** Try it **
Set down only these lines, exactly: the line containing "Dolce & Gabbana" and all lines through the end of the data below. Omit pictures.

Stored items
BEGIN

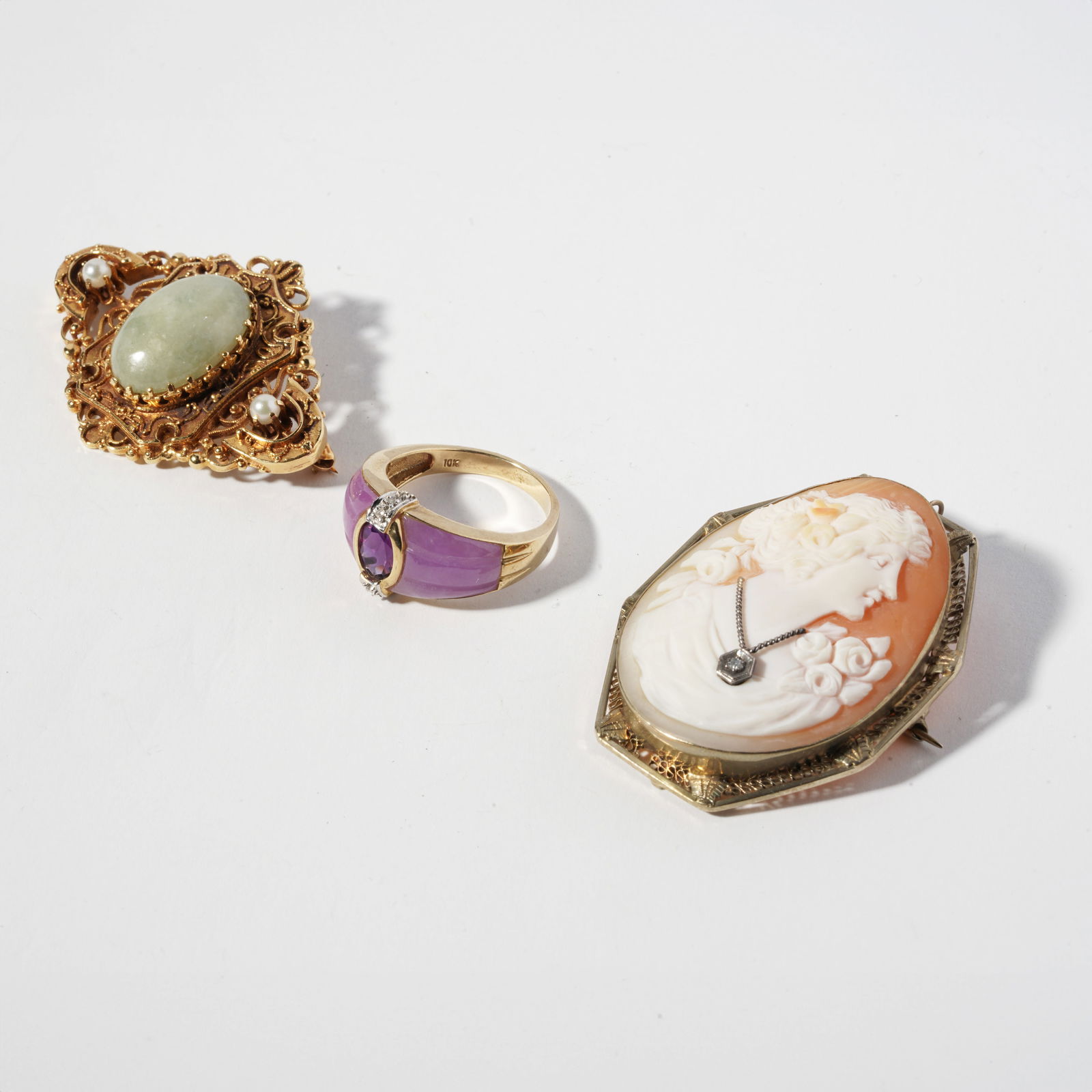 Two 14 Karat Gold, Gem-set Brooches and one 10 Karat Gold Ring (1 of 6)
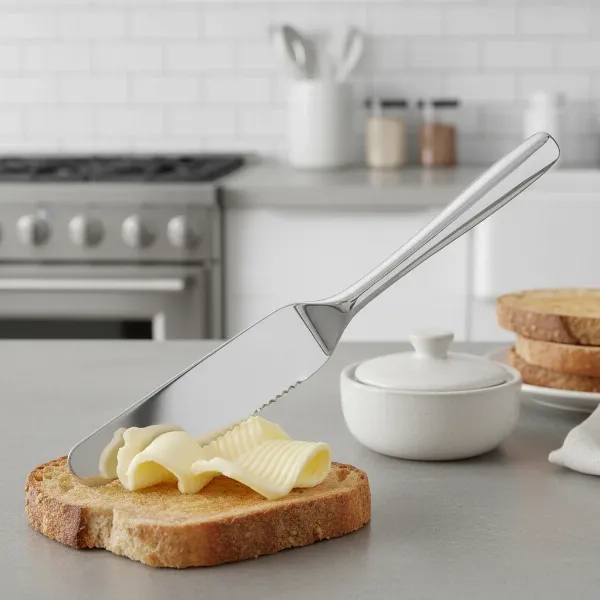 A stainless steel spreader efficiently spreading cold butter on a piece of toast, showcasing durability.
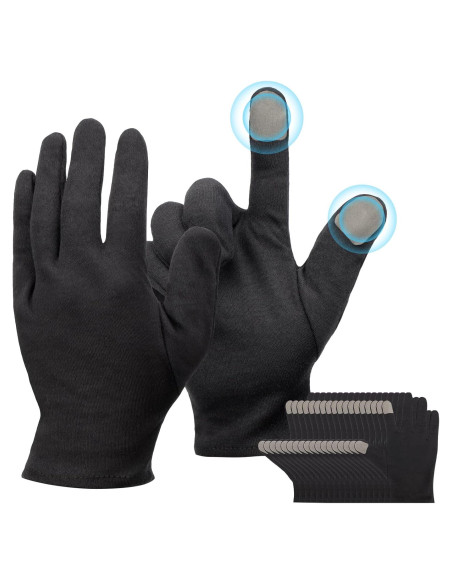 Guantes de Algodón Negros ENPOINT - 10 Pares Hidratantes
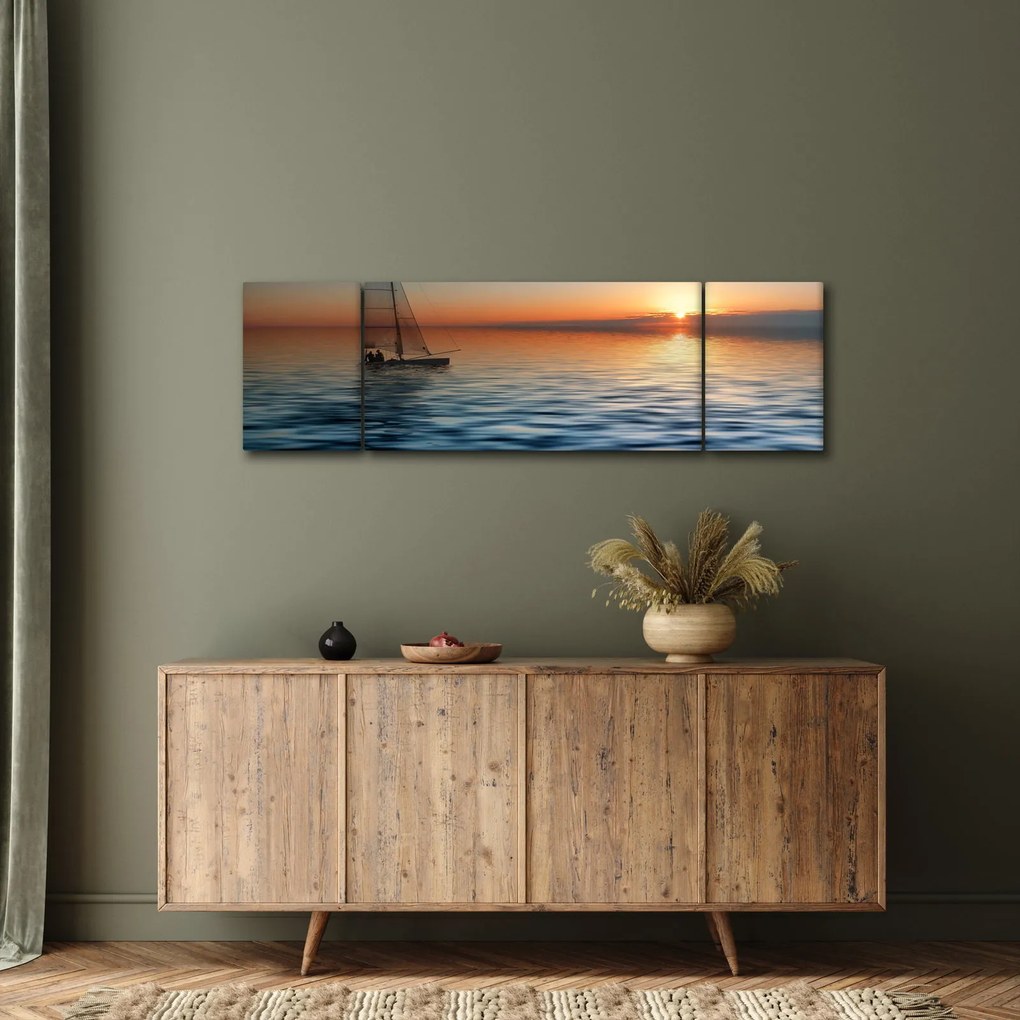 Obraz - Żaglówki na morzu (170x50 cm)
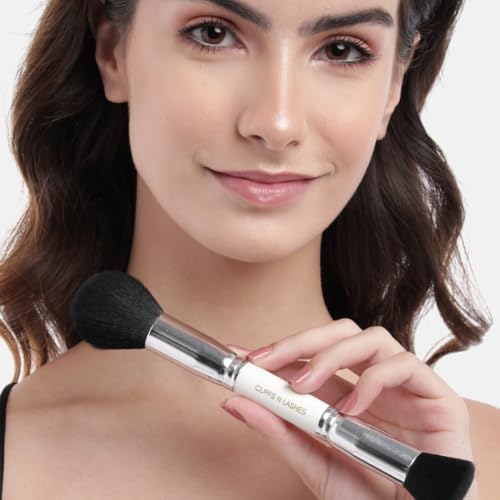Image of Cuffs N Lashes Dual Makeup Brush | 2-in-1 Flat Top Foundation &Powder Brush 01 | Seamless Blending for Liquid Cream &Powder | Soft Premium Bristles | Travel Friendly Professional Face Brush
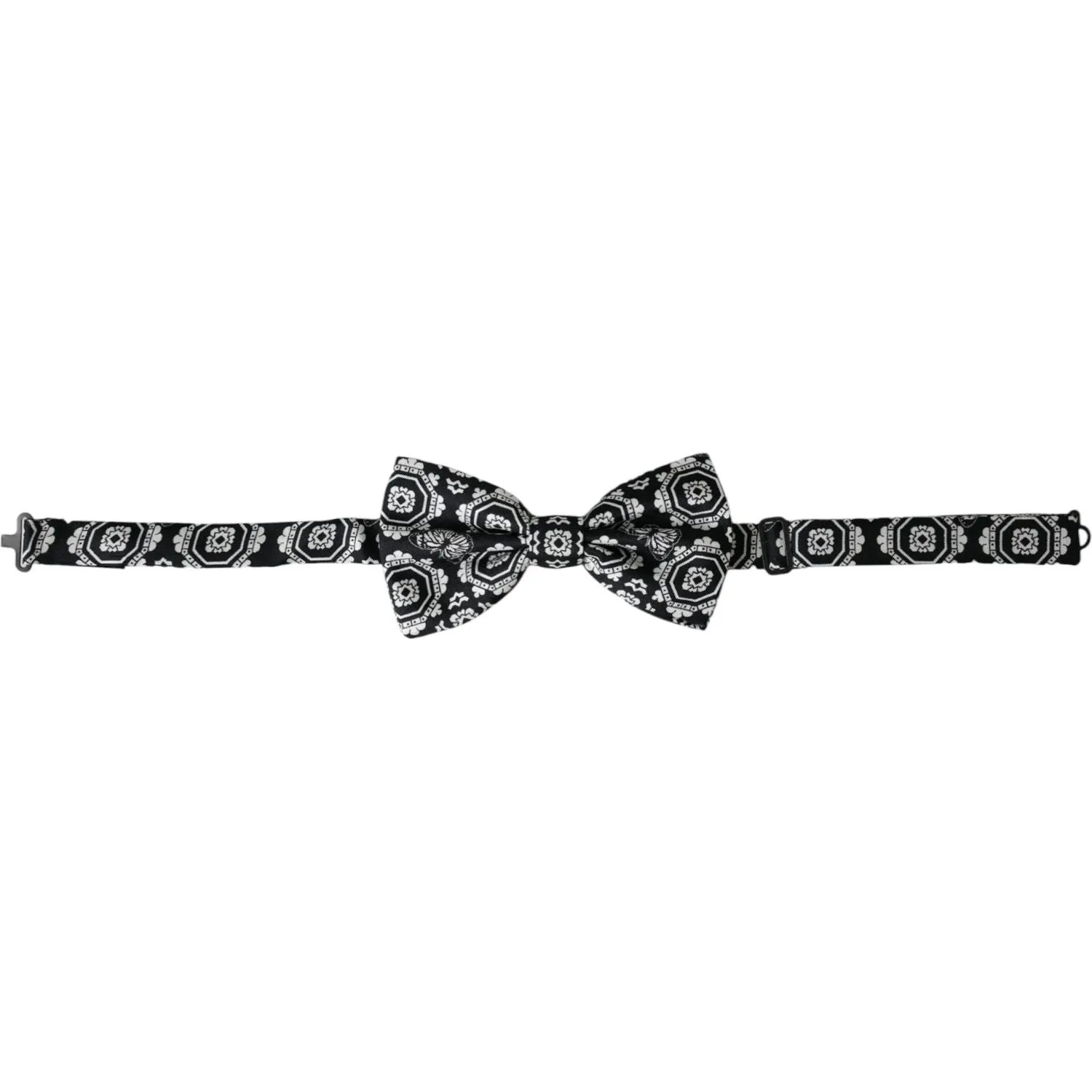 Dolce & Gabbana Black White Printed Adjustable Neck Men Bow Tie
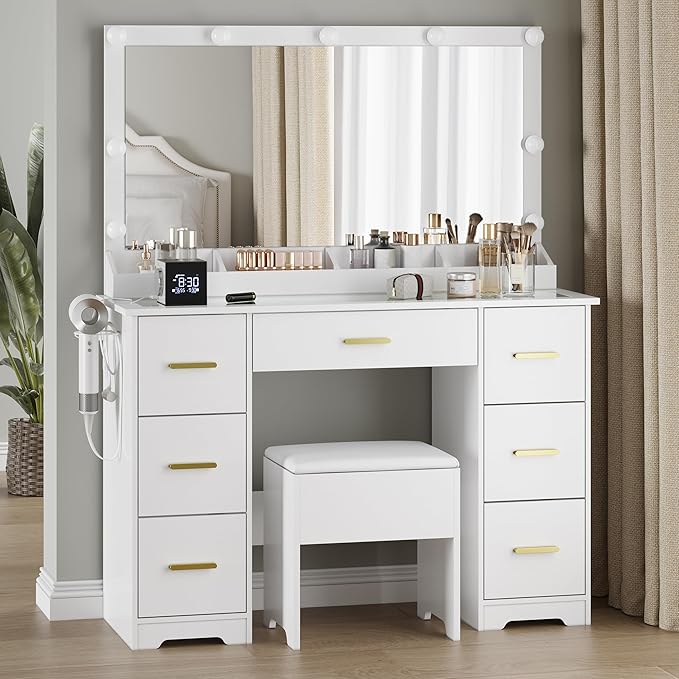 Makeup Vanity with Large Lighted Mirror and Chair, 7 Drawers Vanity Makeup Desk Table with Power Strip, Adjustable Lighting, and Cushioned Storage Stool for Women, Girls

END

** Final answer **
 Dolce & Gabbana Black White Printed Adjustable Neck Men Bow Tie
 Makeup Vanity with Large Lighted Mirror and Chair, 7 Drawers Vanity Makeup Desk Table with Power Strip, Adjustable Lighting, and Cushioned Storage Stool for Women, Girls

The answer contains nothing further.